Don't get caught in the legal quagmire of estate planning - Sigmon & Sigmon, P.C. can h&le all of your legal needs after a loss so you can focus on family. Serving Allentown, Bethlehem, Easton, Stroudsburg & Lehigh Valley, PA & surrounding areas.
Your #1 responsibility is taking care of your family, so when it comes to preparing for the unexpected Sigmon & Sigmon, P.C. takes every measure to make sure your wills & estate planning are in order. With our long history of preparing wills & minimizing taxes through estate planning, you can be sure that your family will have everything they need to recover from their loss.
In Pennsylvania there are three important documents we feel everyone should have:
1.) Last Will & Testament, 2.) Advance Healthcare Declaration (Living Will), &
3.) Power
of Attorney (POA).
Wills & trusts are both estate planning tools that can help ensure your assets are protected & bequeathed to your heirs, besides your spouse, which is generally not an issue. This is because the unlimited marital deduction provision within the United States Estate & Gift Tax Law allows the passing of wealth to a surviving spouse without incurring gift or estate tax liabilities. However, the transfer process becomes much more involved when wealth is passed to a subsequent generation. It is possible to have both a will & a trust.

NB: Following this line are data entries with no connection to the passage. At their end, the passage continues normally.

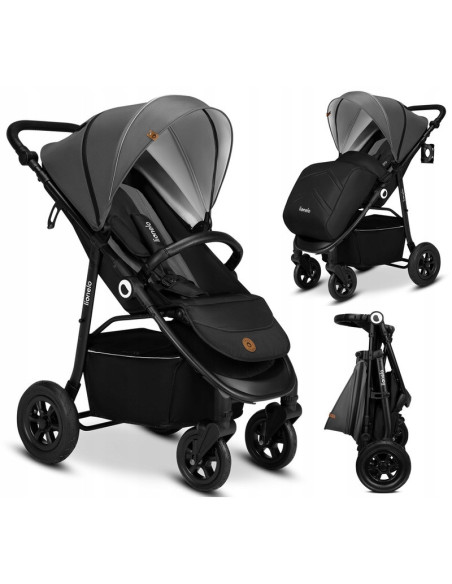 BN-LO-NATT_GREY_STONE,Lionelo - Carucior sport Natt, De la nastere, Cu accesorii si capotina XXL reglabila, 0 - 22 kg, Conform c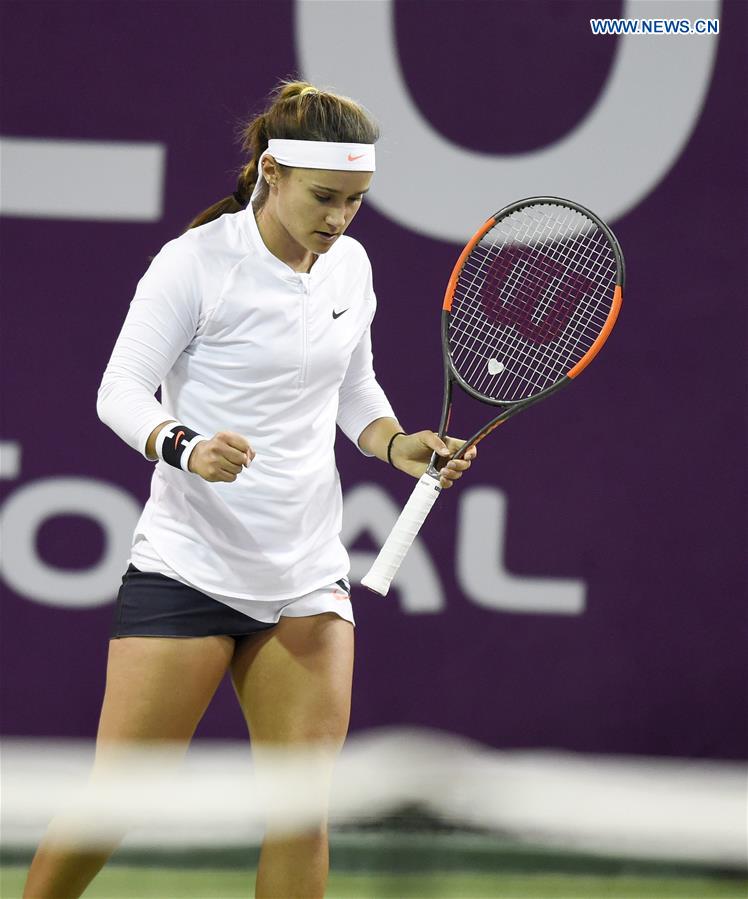 Lauren Davis of United States celebrates after the women's singles 2nd round qualifying match against Wang Qiang of China at WTA Qatar Open 2017 at the International Khalifa Tennis Complex of Doha, Qatar, Feb. 12, 2017.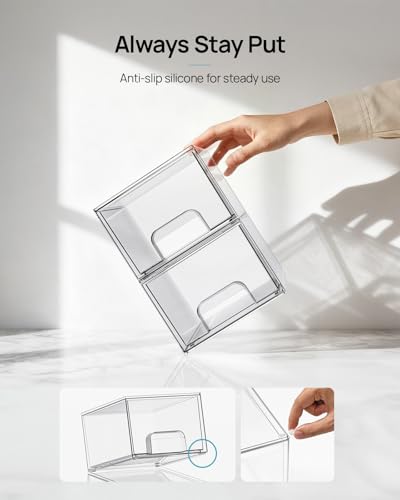 12 Pack Small Clear Stackable Storage Drawers (12 Count)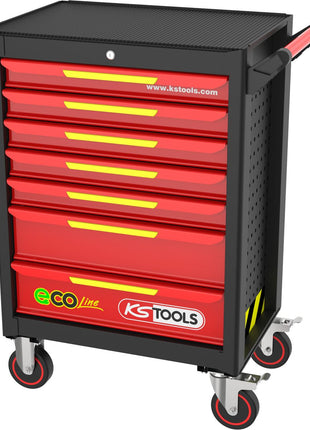 Carro de taller KS TOOLS ECOline NEGRO/ROJO/AMARILLO con 7 cajones (897.1007)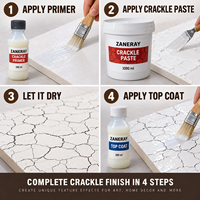 Kit d'effet craquelé en 3 étapes ZANERAY avec pâte d'apprêt et couche de finition pour toiles, bois, décorations murales et projets DIY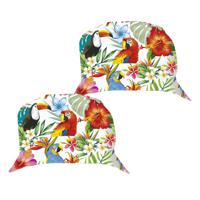 Verkleed hoedje voor Tropical Hawaii party - 2x - Summer/jungle print - volwassenen - Carnaval/thema - thumbnail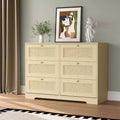 Rattan Dresser with 6/ 8 Drawers, Modern Boho Wooden Dresser, Wicker Chest of Drawers with Metal Handles & Solid Wood Legs, for Home Office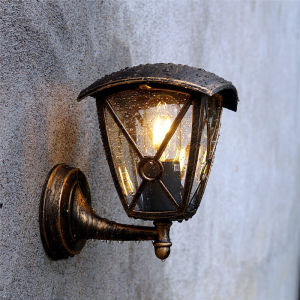 Outdoor Wall Lamp Waterproof European Antique Style Corridor Landscape Lighting Alloy Body Organic Glass Shade Energy Saving LED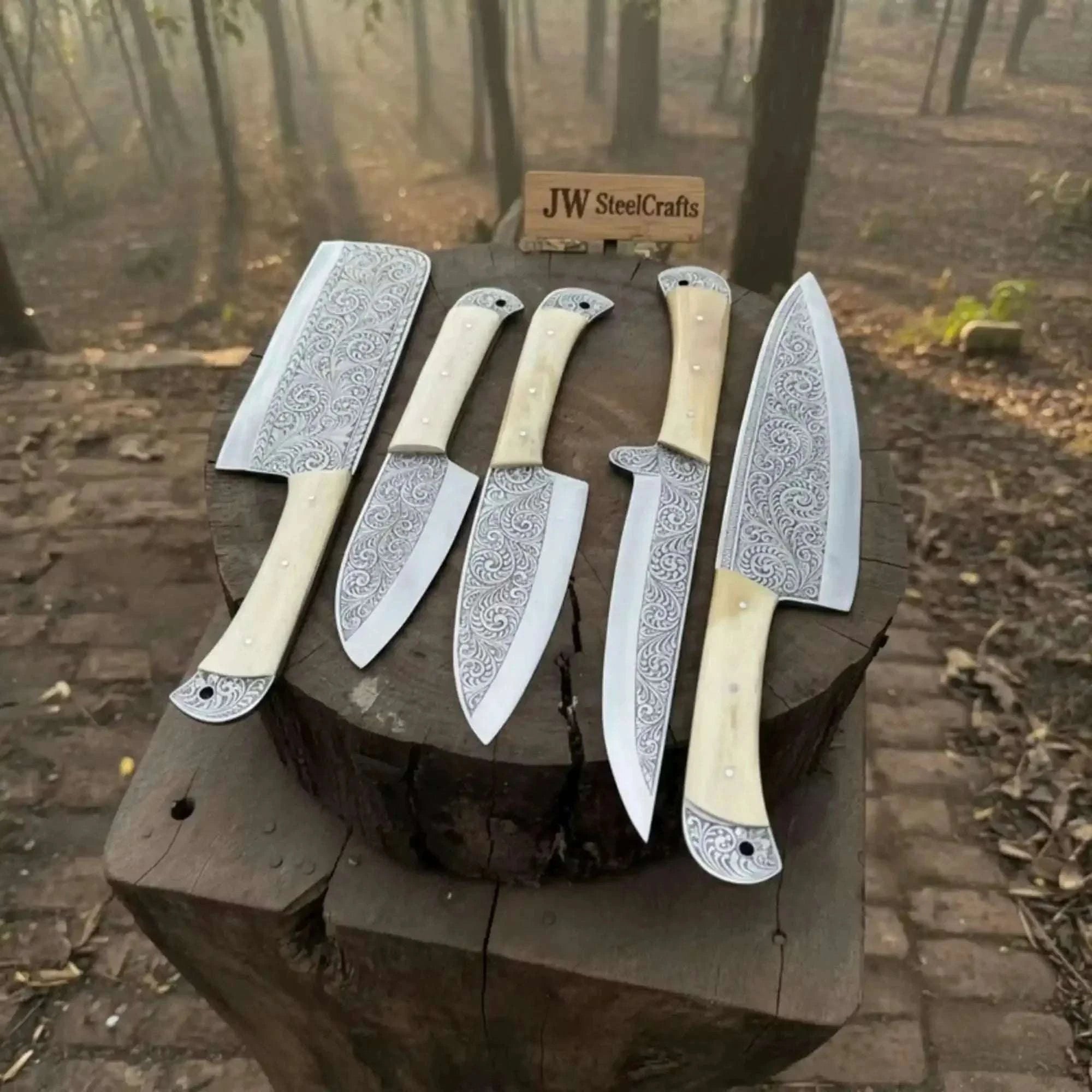 Palmarius Outdoors High Carbon Steel Butcher Knife Set – Cleaver, Chef, Slicer, Boning & Utility Knives, Hand Engraved Blades, Bone Handles, Full Tang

A will is a written document expressing a deceased person's wishes, from naming guardians of minor children to bequeathing objects & cash assets to friends, relatives, or charities. A will becomes active only after one's death. A trust is active the day you create it, & a grantor may list the distribution of assets before their death in it, unlike a will. There are irrevocable trusts, often created for tax purposes, which cannot be altered after their creation, & living trusts, which can be changed by the grantor.
All wills must go through a legal process called probate, where an authorized court administrator examines them. This process can be lengthy & potentially contentious if family members contest the will. Trusts are not required to go through probate when the grantor dies, & they cannot be contested.
Wills & trusts are both estate planning tools that can help ensure your assets are protected & bequeathed to your heirs, besides your spouse, which is generally not an issue. This is because the unlimited marital deduction provision within the United States Estate & Gift Tax Law allows the passing of wealth to a surviving spouse without incurring gift or estate tax liabilities.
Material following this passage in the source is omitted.